I'm in a bit of a funk after the weekend, which was lovely and amazing but at the same time tiring and, as a result, a little irritating. I'm reaching the hard stage of sofa-surfing, the stage where not having your own space starts to feel suffocating, where watching TV and relaxing isn't even relaxing because you can't watch what you want to watch, you have to watch what others are watching, and you have to talk about it when all you want to do is curl up and be by yourself.

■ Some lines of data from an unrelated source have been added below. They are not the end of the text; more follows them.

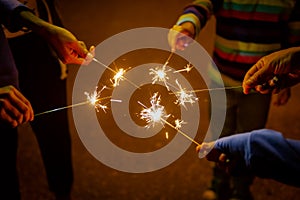 Group hands holding Burning sparking stick starlight fireworks pyrotechnic warm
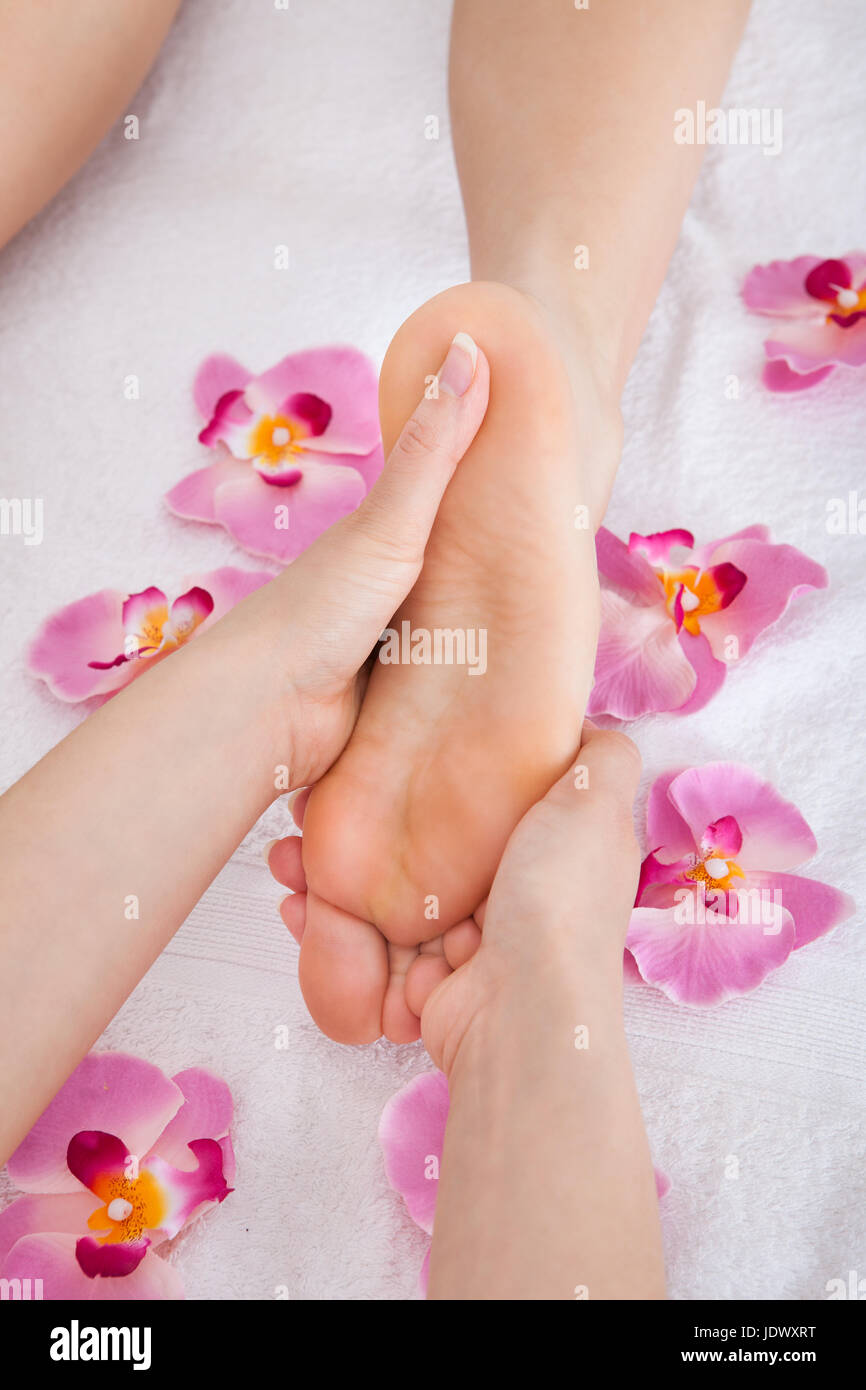 Closeup Of Woman's Feet Receiving Foot Massage In Spa Stock Photo Alamy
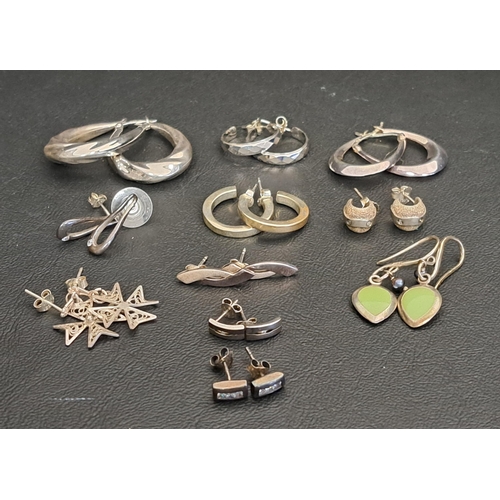 86 - ELEVEN PAIRS OF SILVER EARRINGS
including five pairs of hoop earrings, a pair of enamel drop earring... 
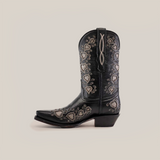 Explore the luxury of Studded Hearts Black - Short Shaft - Snip Toe boots, showcasing exquisite silver heart and floral embroidery along the shaft and foot. These handcrafted cowboy boots blend a pointed toe and medium heel, offering timeless elegance.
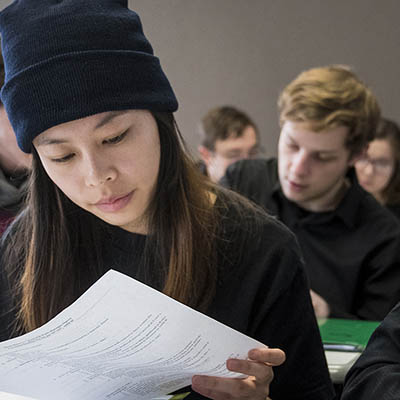 student in class reading paper at desk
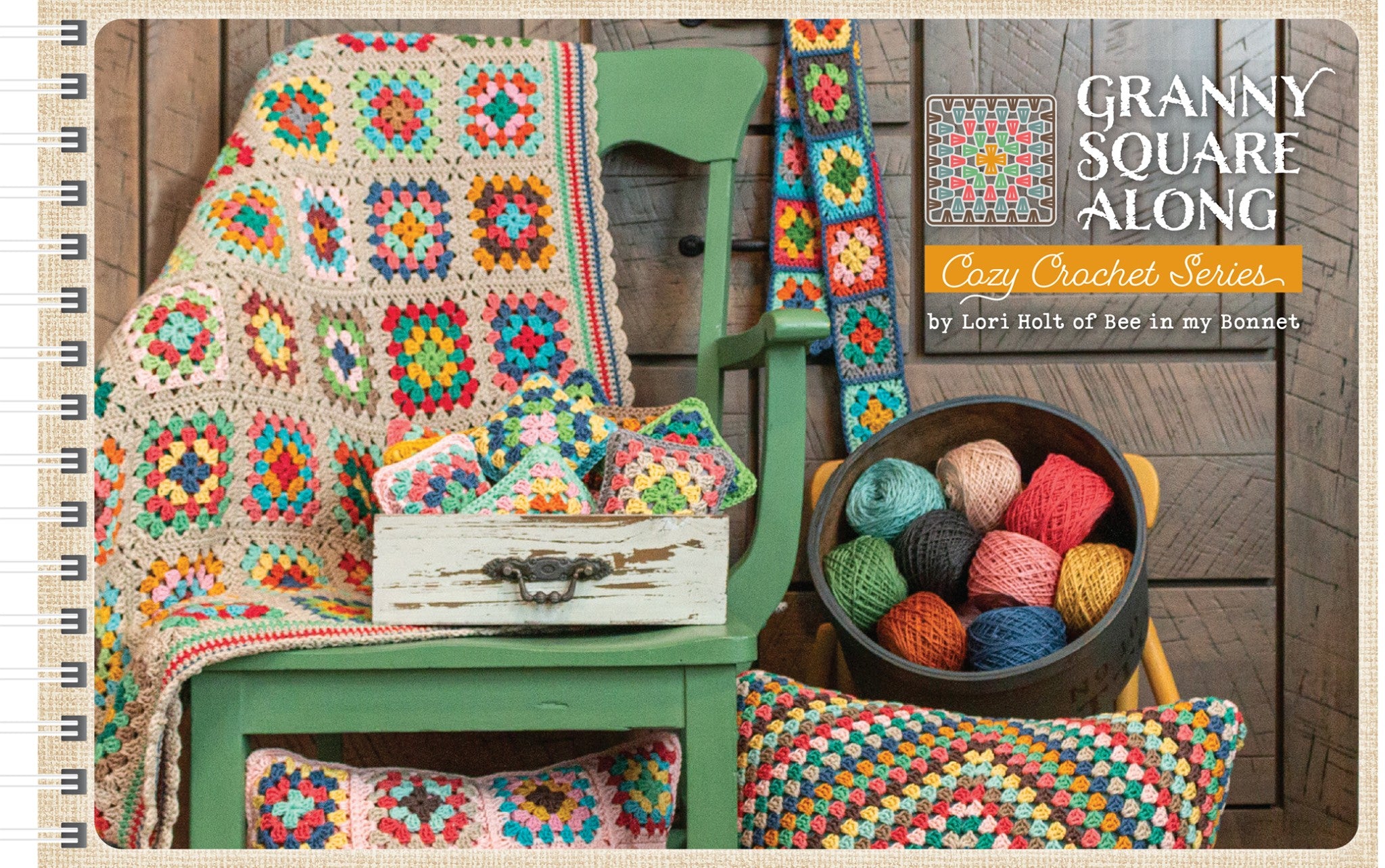 Granny Square Along Crochet Pattern Book cover by Lori Holt of Bee in my Bonnet for It's Sew Emma. A multicolor granny square afghan drapes over a green vintage chair beside a hanging granny square scarf, a black bowl filled with balls of colorful cotton thread, a distressed white box of folded granny squares, and granny square pillows. The title and Cozy Crochet Series logo appear at upper right.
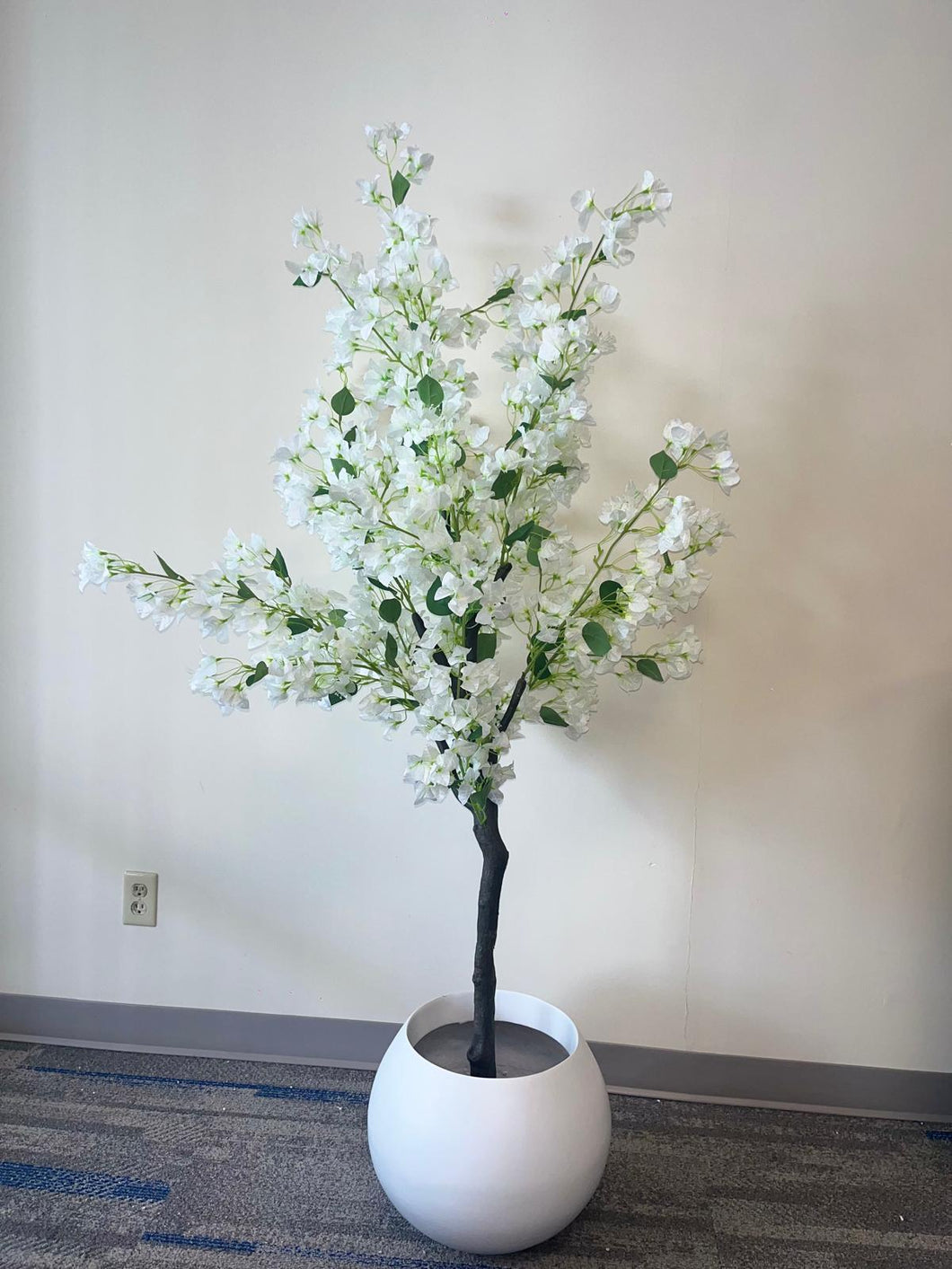 Artificial white flower tree with abundant blossoms in a modern white round planter, placed against a light-colored wall on a carpeted floor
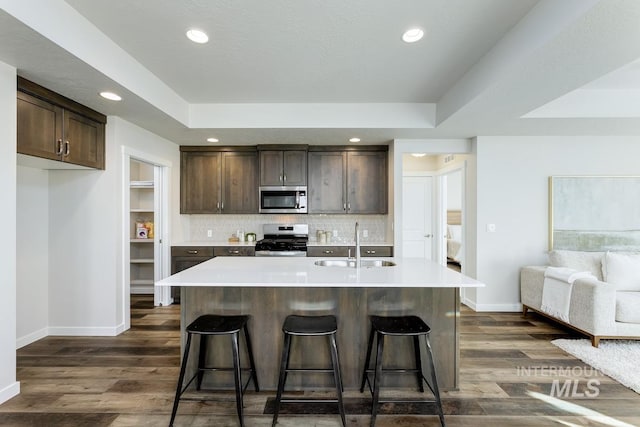 kitchen with a sink, baseboards, stainless steel appliances, and dark brown cabinets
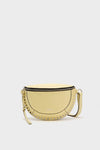 Butter Skano Fannypack: A classic, high-end crossbody bag featuring a half-moon shape with a top zipper, adjustable strap, and decorative metal studs for an effortless, fun style.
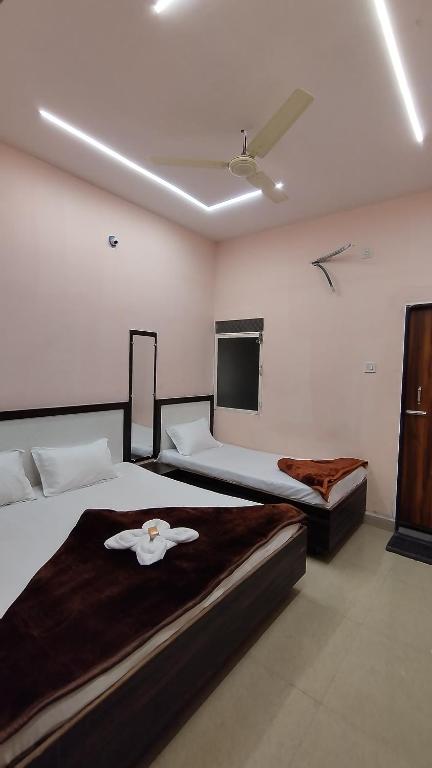Voodi või voodid majutusasutuse Shree Govindam Guest House toas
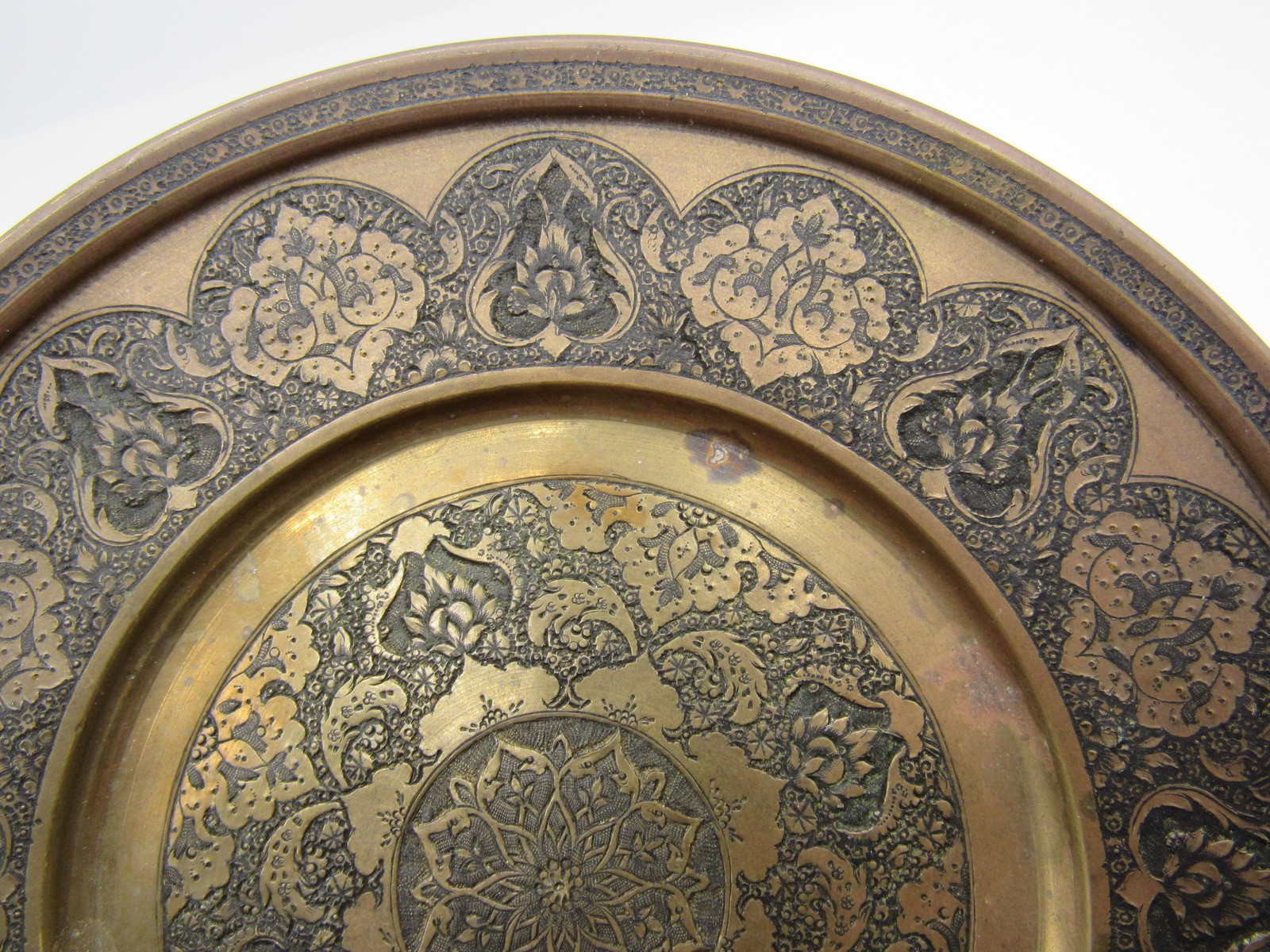 Ornately engraved brass plate with Arabic hallmark Islamic 6 3/8″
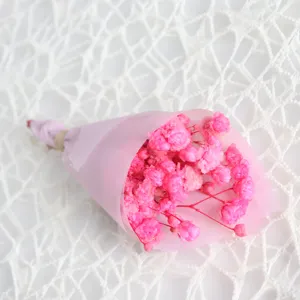 Mini preserved baby's breath flower bouquet wrapped in pink paper for sweet gifts.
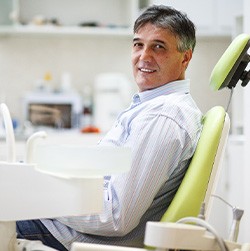 Man smiling while sitting in treatment chair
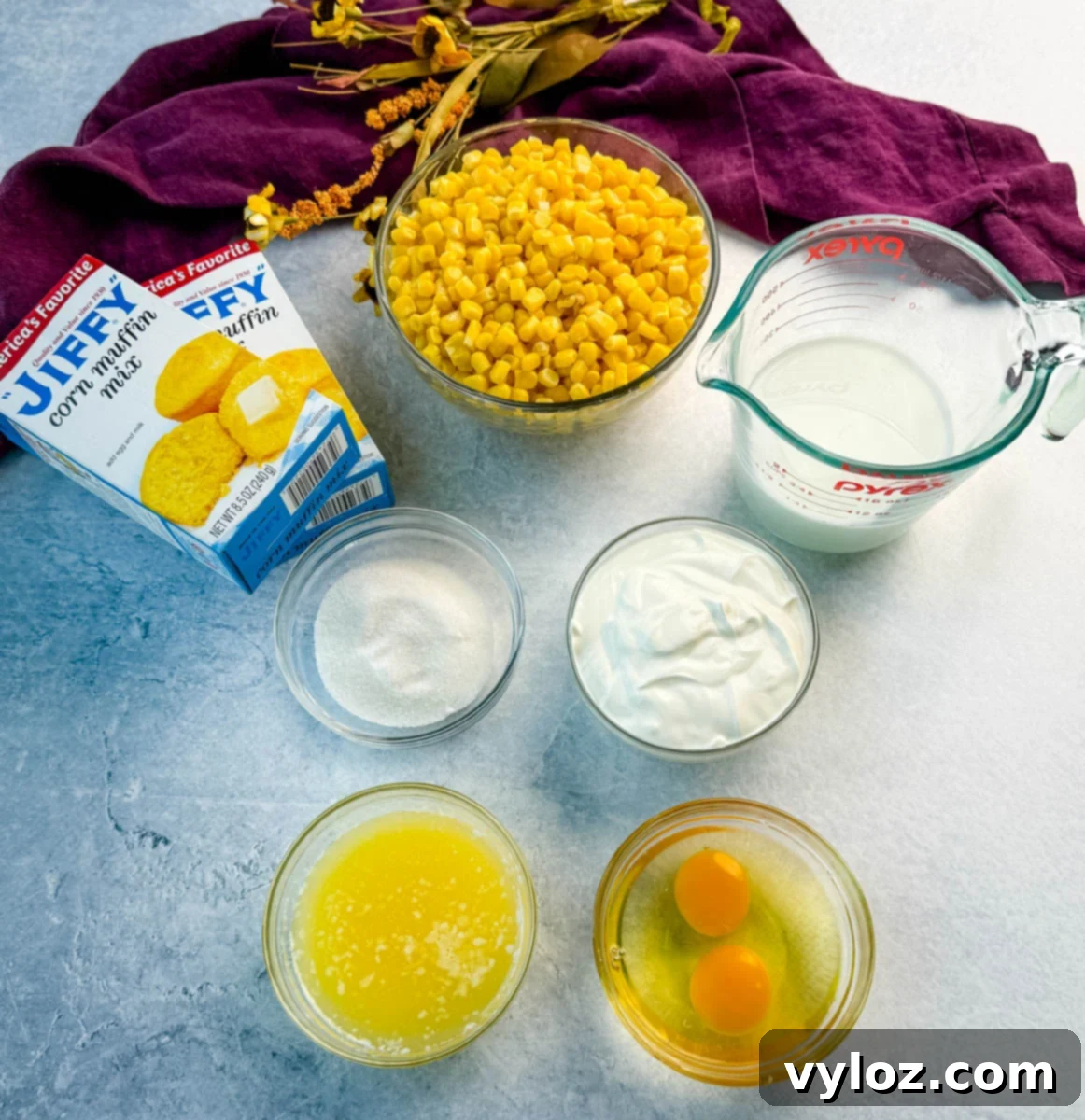 Ingredients for Jiffy corn casserole arranged on a light gray surface, including Jiffy corn muffin mix boxes, a bowl of corn kernels, sugar, sour cream, melted butter, eggs, and milk, with a purple cloth in the background.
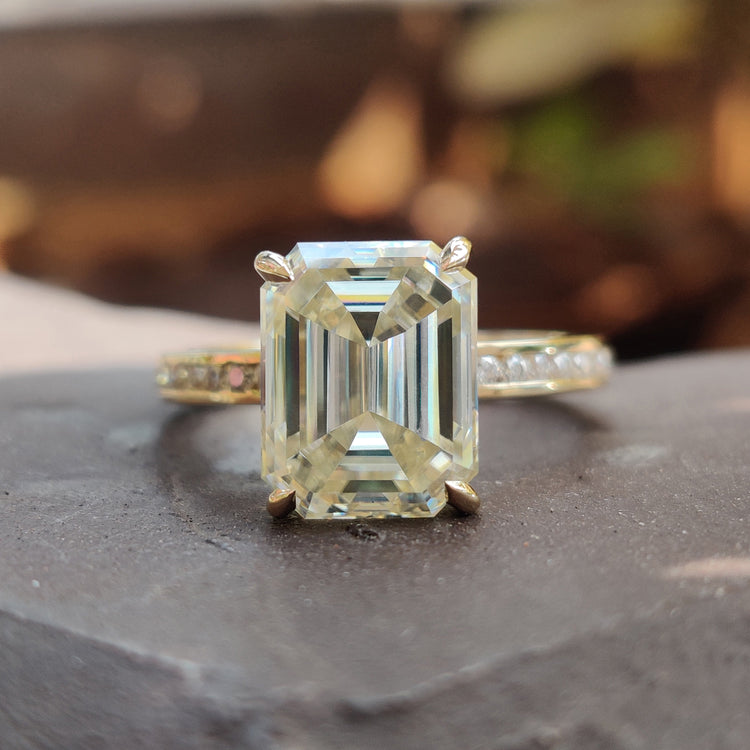 Hidden halo engagement ring with emerald cut light yellow moissanite centre.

and then you kick yourself because you know it's just the fatigue talking, and you're with good friends you never get to see and you're really glad, what you're really mad about is that you're no longer on vacation with no responsibility and a big huge bedroom with a queen sized bed in it and most importantly a door. and you're glad to have the sofas and the company because they prove that you have wonderful people who love you and you know that, truth be told, ten minutes alone in that bedroom and you'd be poking your head out saying "... what's going on out here?"
so i had a great weekend, it's true, but now the law is being laid down: i am back on my sugar-free health kick diet because i feel fucking gross from all the restaurant food and cheating. and i'm also back on my budget because a mere four days off it (especially with all the eating out) has created a serious issue. especially now that the end of my temp job is in sight and nothing promising is on the horizon.
i'm a little worried aobut getting a house without a job and with a cat and without much time... but at the same time i know it will work out because it always does and because i am amazing. and then i will have a beautiful house with a beautiful roommate and a cat (! which i've wanted in the city for years !) and lots of cool generous friends ot have over.